**How to complete this task**
Nothing but the lines below, from the first through the line containing "Topographic Map of", should be set down, each one exactly and without pictures.

**Data provided**
:::::
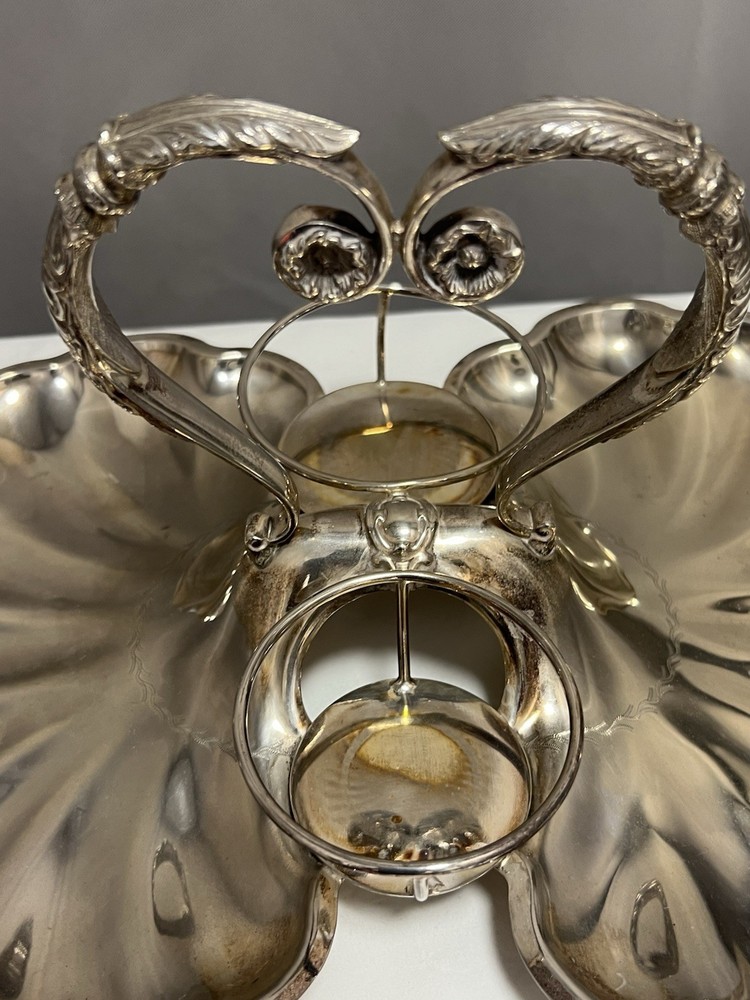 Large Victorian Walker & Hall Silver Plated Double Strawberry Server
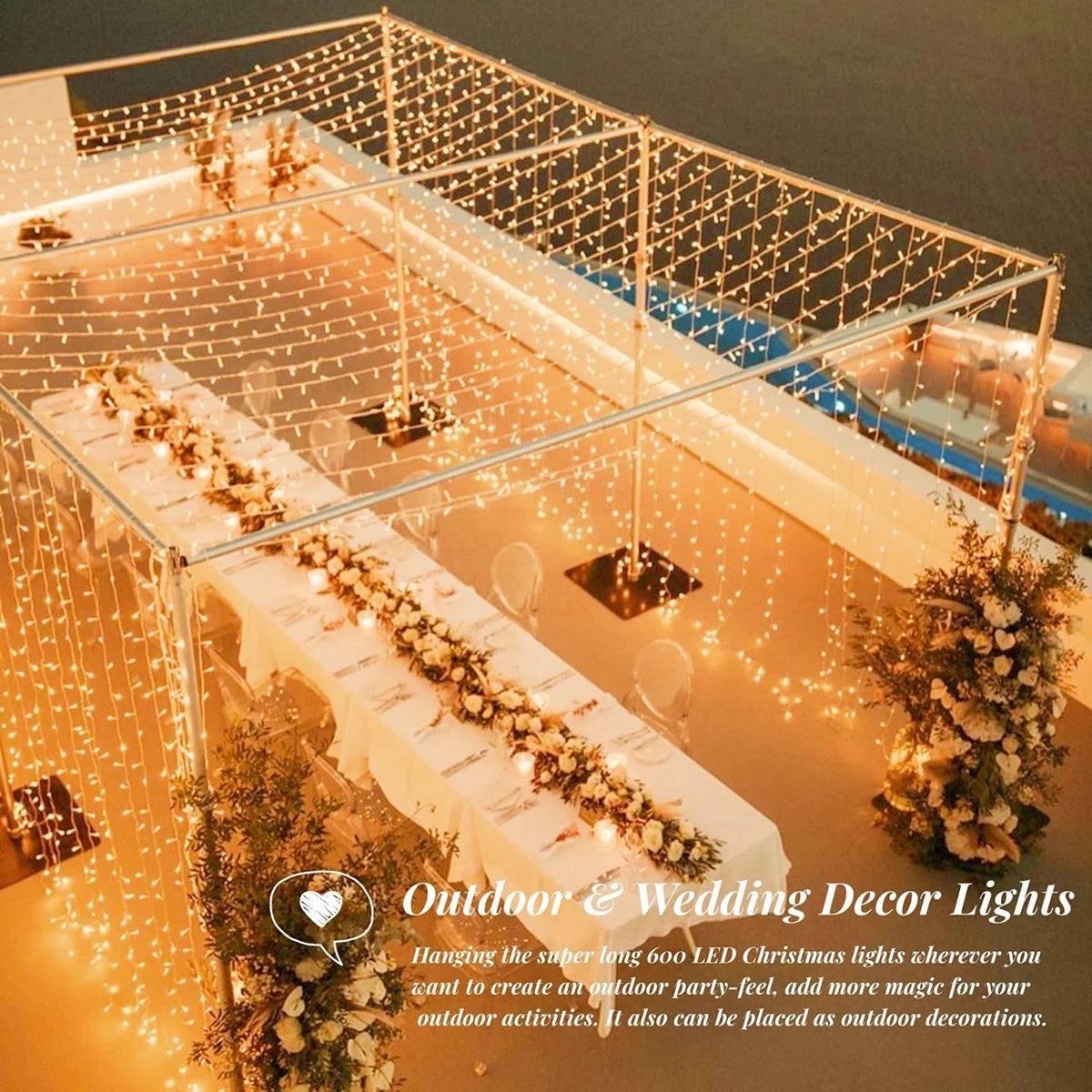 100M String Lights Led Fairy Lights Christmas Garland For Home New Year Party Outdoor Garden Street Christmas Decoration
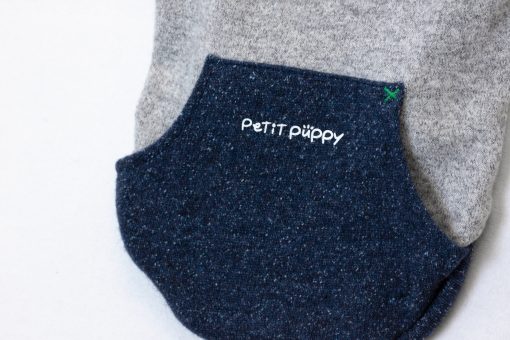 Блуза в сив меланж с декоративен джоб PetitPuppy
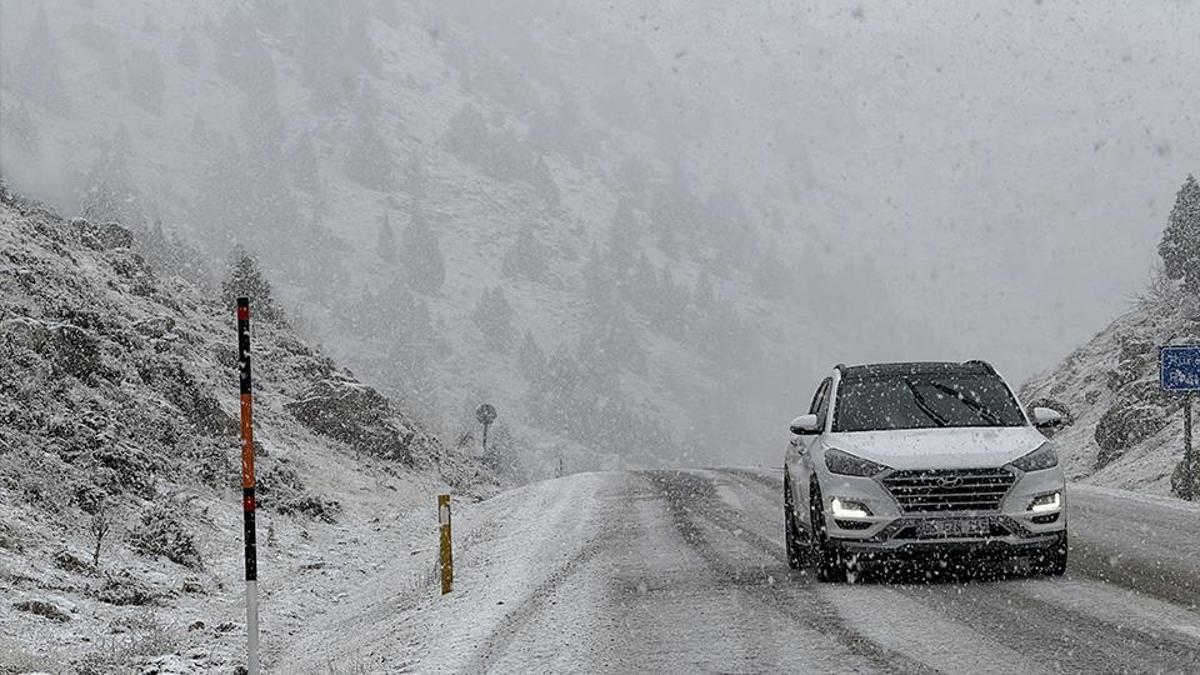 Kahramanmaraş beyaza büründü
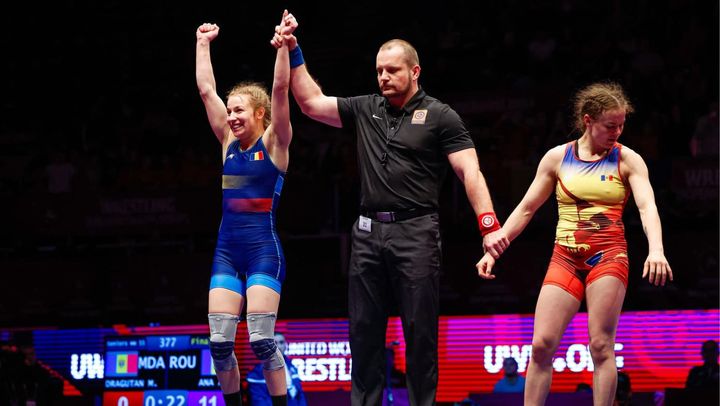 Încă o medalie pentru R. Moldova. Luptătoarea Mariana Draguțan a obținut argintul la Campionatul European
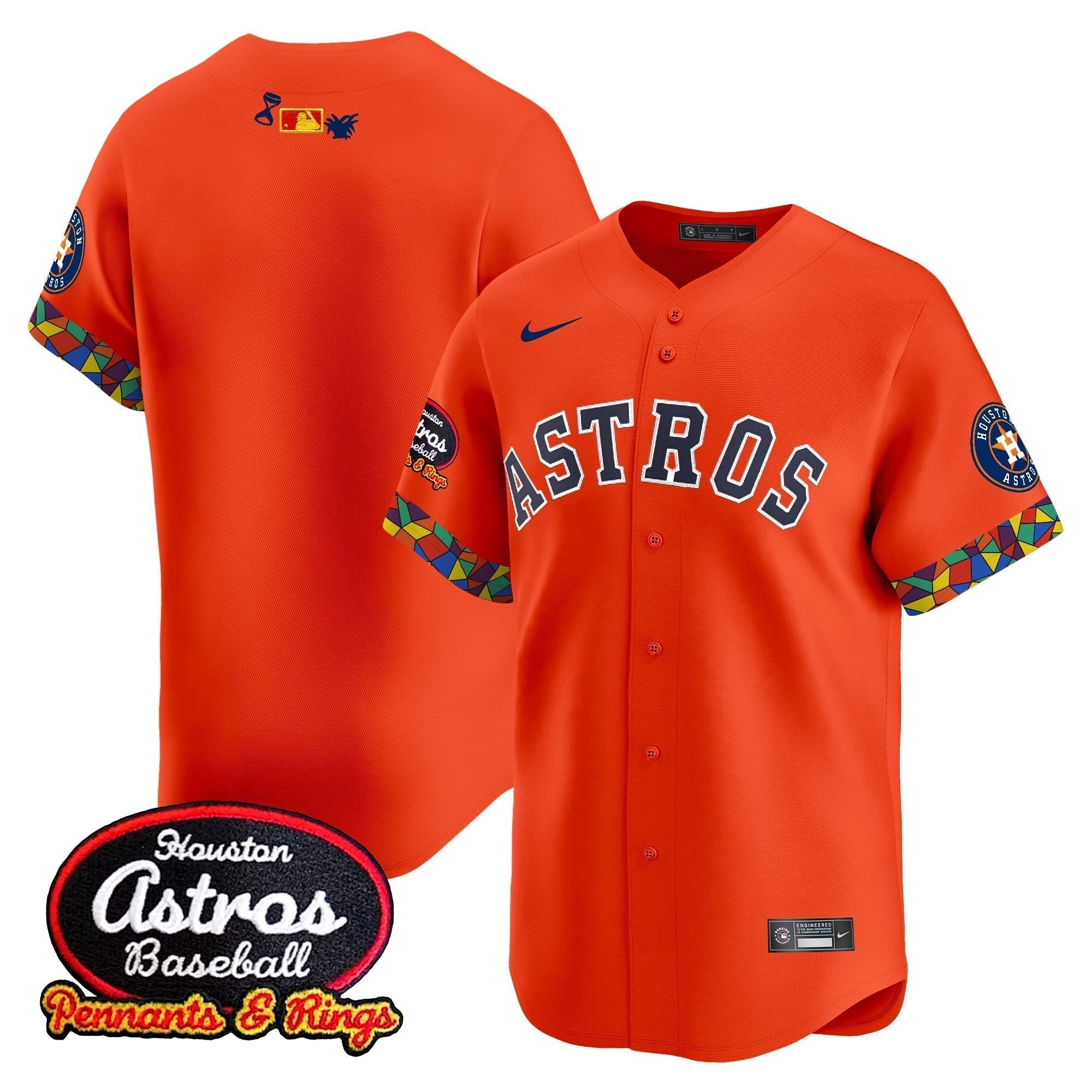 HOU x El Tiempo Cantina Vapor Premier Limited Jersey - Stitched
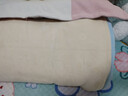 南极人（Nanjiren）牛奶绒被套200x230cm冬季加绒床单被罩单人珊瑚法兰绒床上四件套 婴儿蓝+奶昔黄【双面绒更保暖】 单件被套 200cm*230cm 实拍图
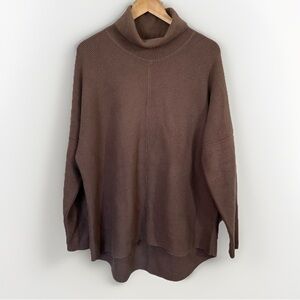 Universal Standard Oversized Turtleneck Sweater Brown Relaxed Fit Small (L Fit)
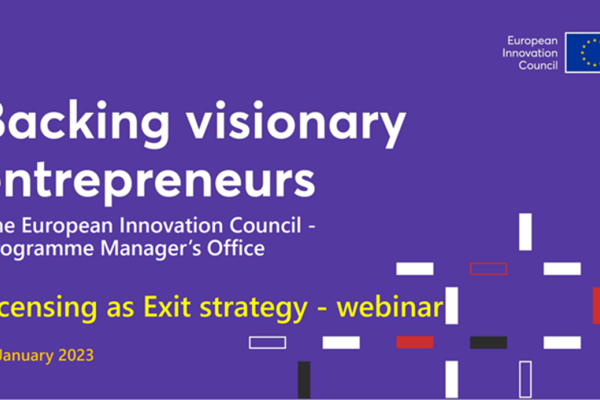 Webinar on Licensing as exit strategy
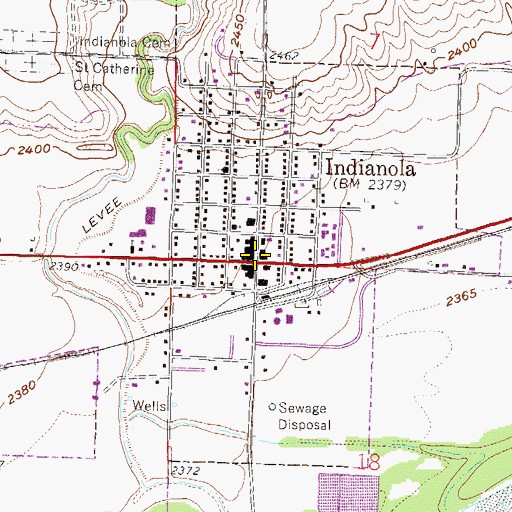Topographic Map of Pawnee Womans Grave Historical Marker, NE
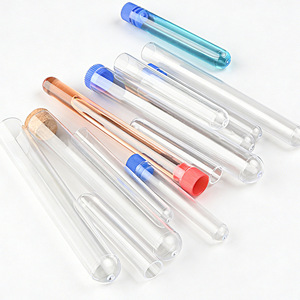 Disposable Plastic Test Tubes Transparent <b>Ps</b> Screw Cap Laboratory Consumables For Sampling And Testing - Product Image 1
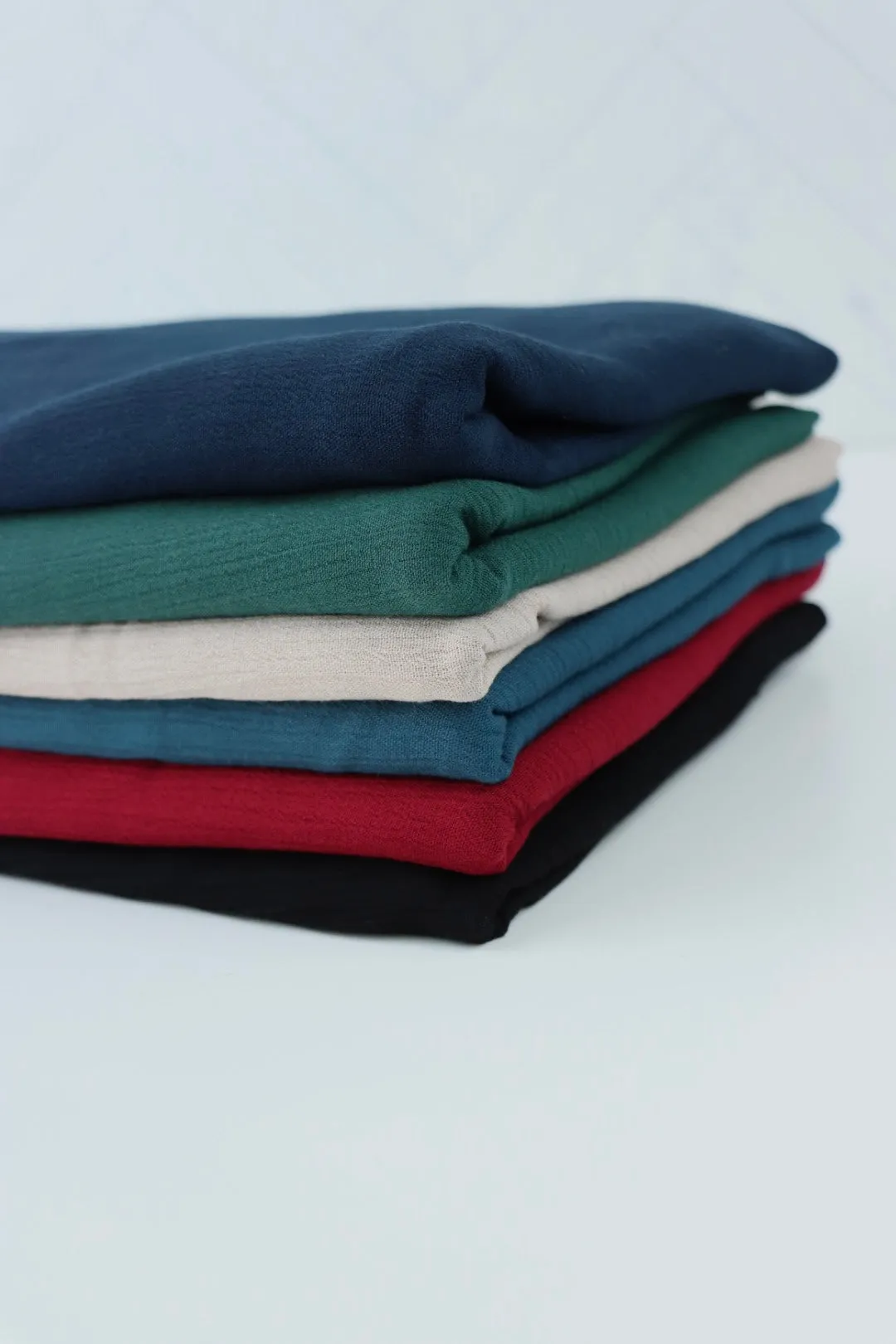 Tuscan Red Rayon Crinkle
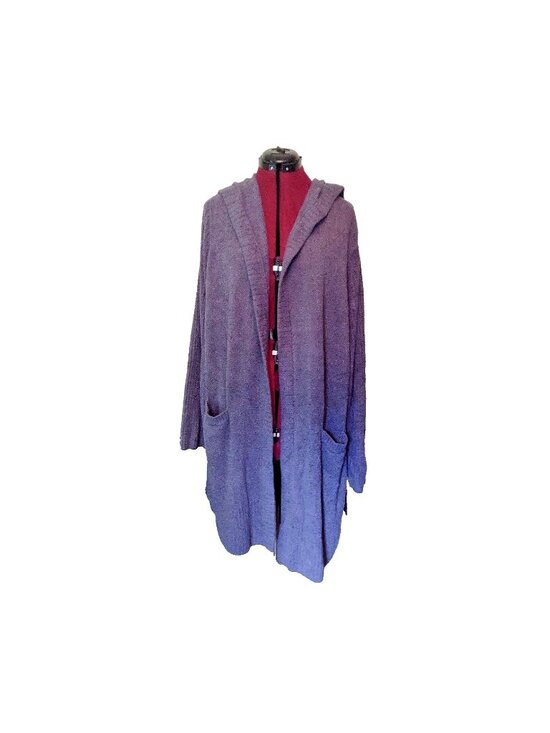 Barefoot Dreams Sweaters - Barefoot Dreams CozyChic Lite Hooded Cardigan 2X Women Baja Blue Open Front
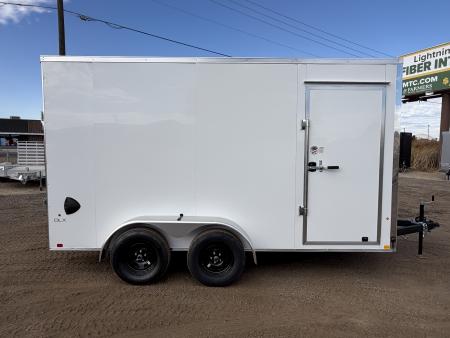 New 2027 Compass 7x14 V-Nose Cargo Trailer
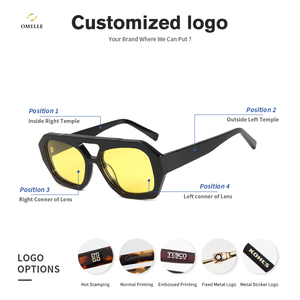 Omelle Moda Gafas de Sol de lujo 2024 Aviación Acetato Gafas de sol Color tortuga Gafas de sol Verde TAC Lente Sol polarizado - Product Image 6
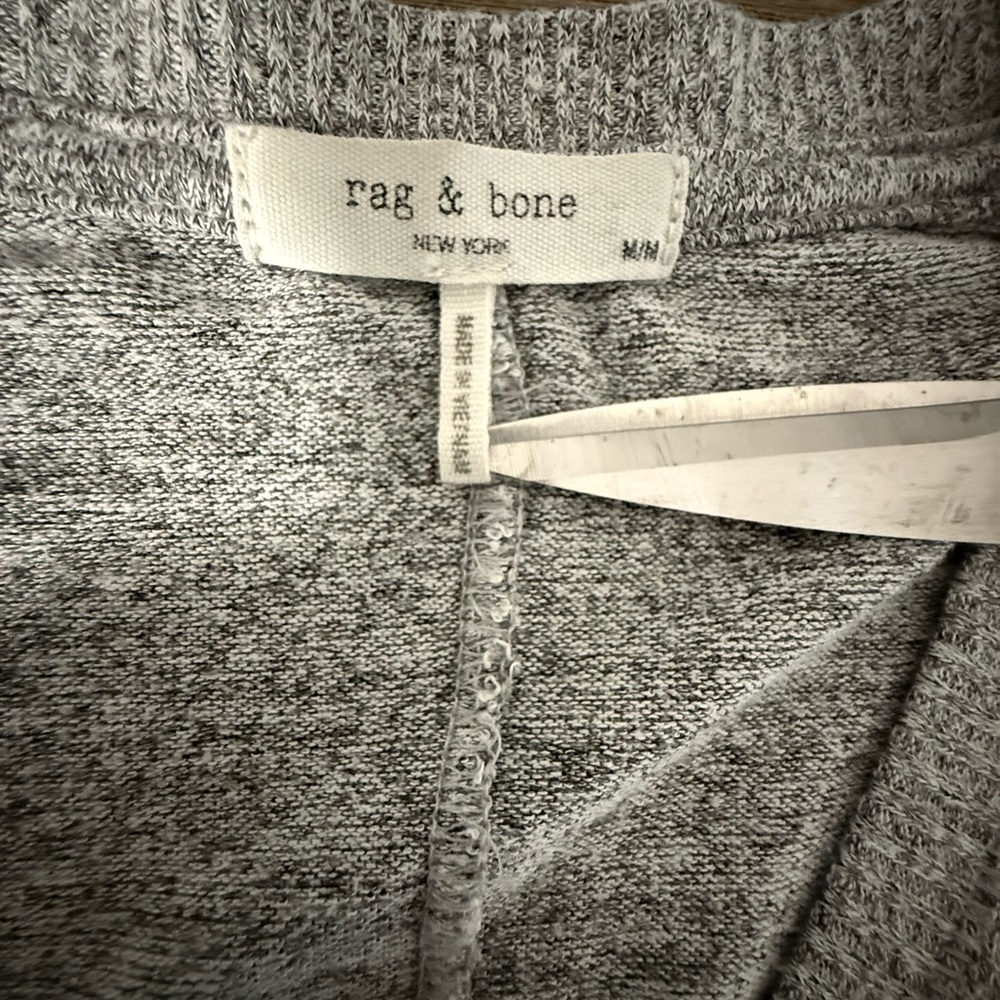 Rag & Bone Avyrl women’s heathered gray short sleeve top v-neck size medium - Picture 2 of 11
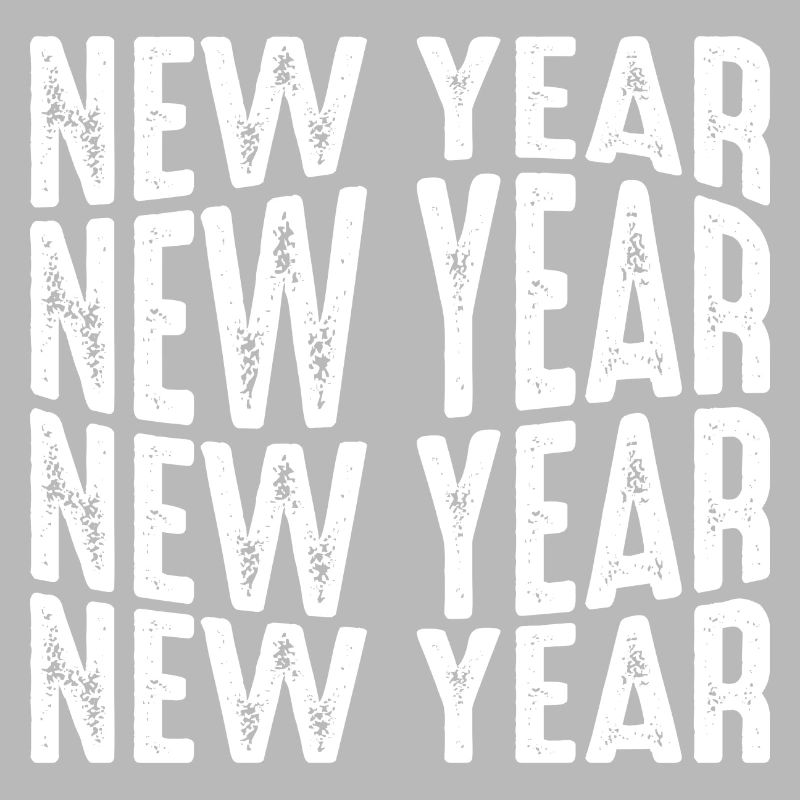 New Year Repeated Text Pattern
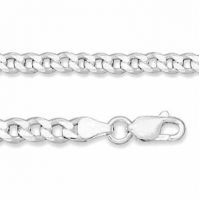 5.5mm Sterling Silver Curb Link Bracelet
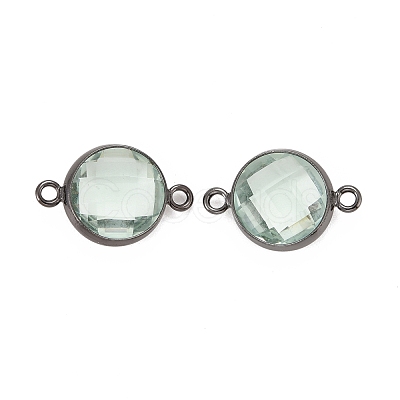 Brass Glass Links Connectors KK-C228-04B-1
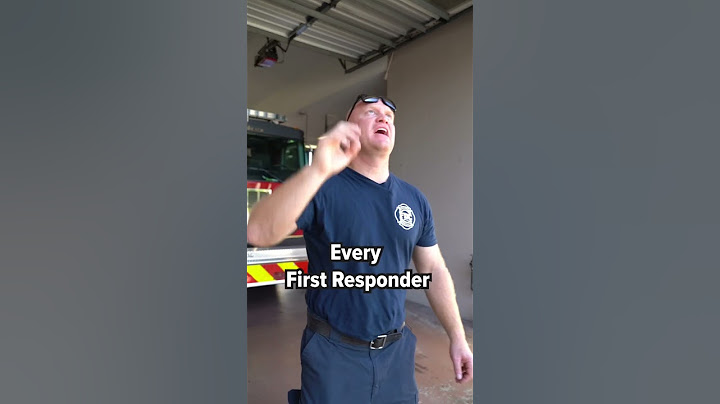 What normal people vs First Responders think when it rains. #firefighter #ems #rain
:::::
**Answer space**
 Large Victorian Walker & Hall Silver Plated Double Strawberry Server
 100M String Lights Led Fairy Lights Christmas Garland For Home New Year Party Outdoor Garden Street Christmas Decoration
 Блуза в сив меланж с декоративен джоб PetitPuppy
 Kahramanmaraş beyaza büründü
 Încă o medalie pentru R. Moldova. Luptătoarea Mariana Draguțan a obținut argintul la Campionatul European
 HOU x El Tiempo Cantina Vapor Premier Limited Jersey - Stitched
 南极人（Nanjiren）牛奶绒被套200x230cm冬季加绒床单被罩单人珊瑚法兰绒床上四件套 婴儿蓝+奶昔黄【双面绒更保暖】 单件被套 200cm*230cm 实拍图
 Universal Standard Oversized Turtleneck Sweater Brown Relaxed Fit Small (L Fit)
 Webinar on Licensing as exit strategy
Topographic Map of Pawnee Womans Grave Historical Marker, NE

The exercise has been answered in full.